▶ [Task directions]
Reproduce the opening lines of the records exactly, up to and including the line in which "اتاق خانوادگی, Seven Rock Cave" occurs.

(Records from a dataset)
-*-*-

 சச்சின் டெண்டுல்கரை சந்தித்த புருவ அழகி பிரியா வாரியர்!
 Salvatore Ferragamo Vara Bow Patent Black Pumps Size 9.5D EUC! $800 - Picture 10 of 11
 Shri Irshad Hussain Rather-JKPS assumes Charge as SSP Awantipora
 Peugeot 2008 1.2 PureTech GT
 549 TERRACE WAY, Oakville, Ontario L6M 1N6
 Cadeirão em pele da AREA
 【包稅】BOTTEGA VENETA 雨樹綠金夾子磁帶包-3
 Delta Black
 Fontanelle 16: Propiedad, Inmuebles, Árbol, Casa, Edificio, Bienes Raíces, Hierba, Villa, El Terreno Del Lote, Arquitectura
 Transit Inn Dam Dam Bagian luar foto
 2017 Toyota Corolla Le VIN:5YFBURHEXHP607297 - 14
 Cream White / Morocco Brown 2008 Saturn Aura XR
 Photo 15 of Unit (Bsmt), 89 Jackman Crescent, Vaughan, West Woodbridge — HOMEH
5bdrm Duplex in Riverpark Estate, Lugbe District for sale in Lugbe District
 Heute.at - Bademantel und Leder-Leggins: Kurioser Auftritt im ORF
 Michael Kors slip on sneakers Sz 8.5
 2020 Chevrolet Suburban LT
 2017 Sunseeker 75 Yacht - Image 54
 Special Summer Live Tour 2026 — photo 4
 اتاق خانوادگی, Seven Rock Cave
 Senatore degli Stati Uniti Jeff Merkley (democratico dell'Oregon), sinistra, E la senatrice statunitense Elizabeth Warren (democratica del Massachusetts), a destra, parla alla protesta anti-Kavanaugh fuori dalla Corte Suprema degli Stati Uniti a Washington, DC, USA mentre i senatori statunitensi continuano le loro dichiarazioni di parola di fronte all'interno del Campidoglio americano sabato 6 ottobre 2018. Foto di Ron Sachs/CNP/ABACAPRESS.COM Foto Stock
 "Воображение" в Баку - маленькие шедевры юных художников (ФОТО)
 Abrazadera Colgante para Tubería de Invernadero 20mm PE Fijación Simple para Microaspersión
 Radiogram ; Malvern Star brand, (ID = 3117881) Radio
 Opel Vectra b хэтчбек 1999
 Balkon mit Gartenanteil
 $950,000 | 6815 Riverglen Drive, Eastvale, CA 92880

-*-*-

▶ [Response to the exercise]
 சச்சின் டெண்டுல்கரை சந்தித்த புருவ அழகி பிரியா வாரியர்!
 Salvatore Ferragamo Vara Bow Patent Black Pumps Size 9.5D EUC! $800 - Picture 10 of 11
 Shri Irshad Hussain Rather-JKPS assumes Charge as SSP Awantipora
 Peugeot 2008 1.2 PureTech GT
 549 TERRACE WAY, Oakville, Ontario L6M 1N6
 Cadeirão em pele da AREA
 【包稅】BOTTEGA VENETA 雨樹綠金夾子磁帶包-3
 Delta Black
 Fontanelle 16: Propiedad, Inmuebles, Árbol, Casa, Edificio, Bienes Raíces, Hierba, Villa, El Terreno Del Lote, Arquitectura
 Transit Inn Dam Dam Bagian luar foto
 2017 Toyota Corolla Le VIN:5YFBURHEXHP607297 - 14
 Cream White / Morocco Brown 2008 Saturn Aura XR
 Photo 15 of Unit (Bsmt), 89 Jackman Crescent, Vaughan, West Woodbridge — HOMEH
5bdrm Duplex in Riverpark Estate, Lugbe District for sale in Lugbe District
 Heute.at - Bademantel und Leder-Leggins: Kurioser Auftritt im ORF
 Michael Kors slip on sneakers Sz 8.5
 2020 Chevrolet Suburban LT
 2017 Sunseeker 75 Yacht - Image 54
 Special Summer Live Tour 2026 — photo 4
 اتاق خانوادگی, Seven Rock Cave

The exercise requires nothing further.